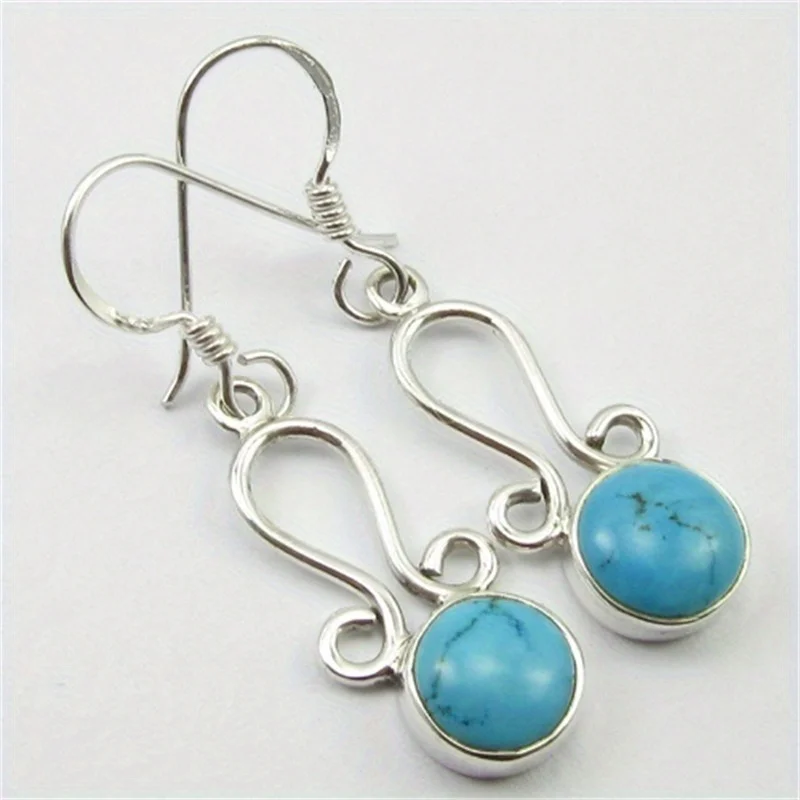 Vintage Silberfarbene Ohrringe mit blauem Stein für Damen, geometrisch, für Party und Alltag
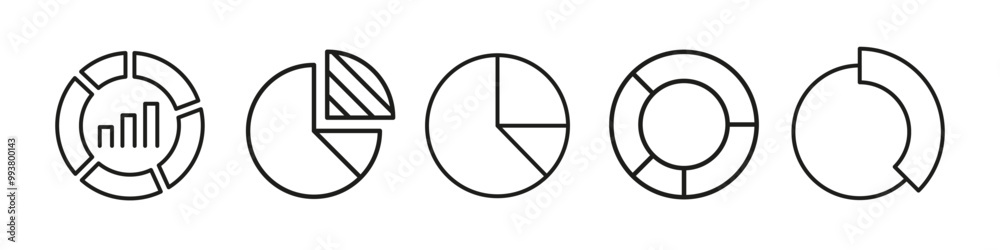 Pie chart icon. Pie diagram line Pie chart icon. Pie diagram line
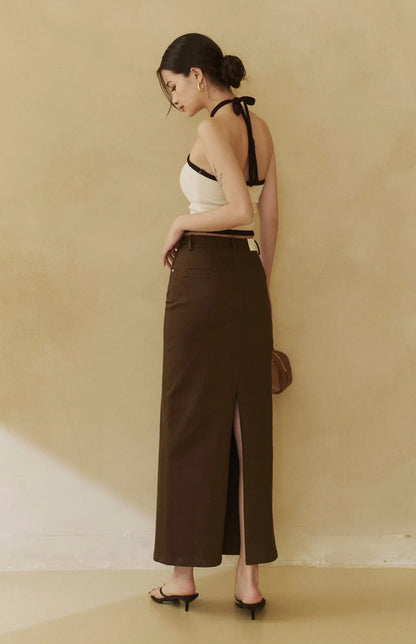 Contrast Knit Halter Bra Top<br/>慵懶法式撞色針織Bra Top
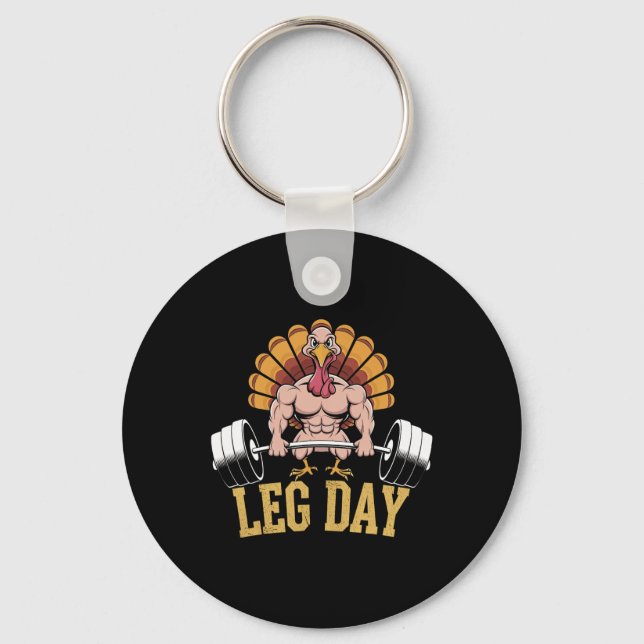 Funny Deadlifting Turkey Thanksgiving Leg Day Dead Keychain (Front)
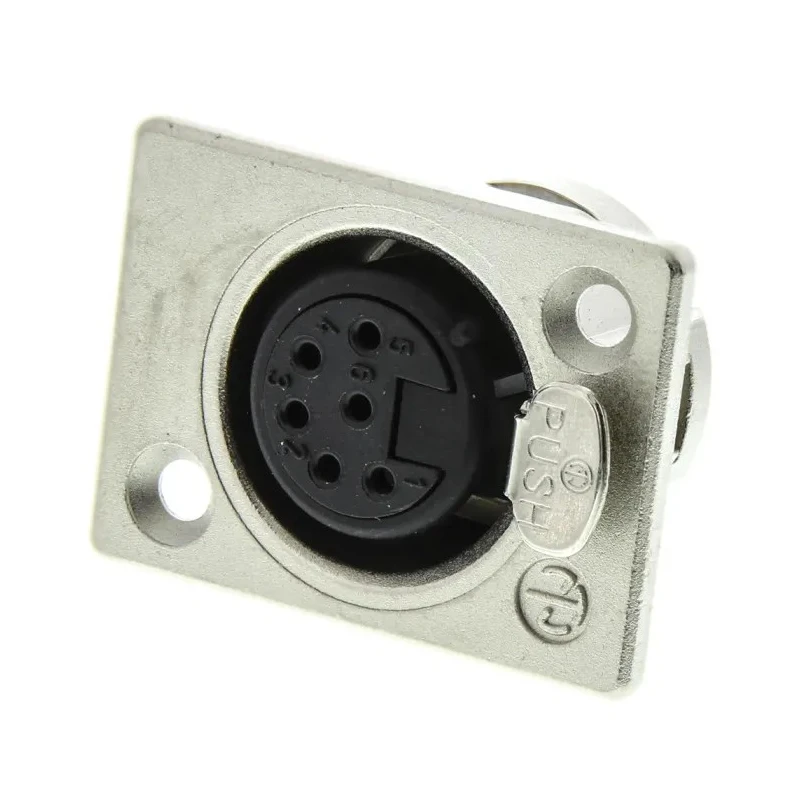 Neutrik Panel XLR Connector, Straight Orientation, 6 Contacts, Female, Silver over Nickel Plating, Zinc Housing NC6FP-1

* * * * * * * * *

REQUIRED ACTION
Retype the data above exactly, dropping every picture.

RESULT BELOW
 Vintage Silberfarbene Ohrringe mit blauem Stein für Damen, geometrisch, für Party und Alltag
 Pie chart icon. Pie diagram line Pie chart icon. Pie diagram line
 Contrast Knit Halter Bra Top<br/>慵懶法式撞色針織Bra Top
 Funny Deadlifting Turkey Thanksgiving Leg Day Dead Keychain (Front)
 Neutrik Panel XLR Connector, Straight Orientation, 6 Contacts, Female, Silver over Nickel Plating, Zinc Housing NC6FP-1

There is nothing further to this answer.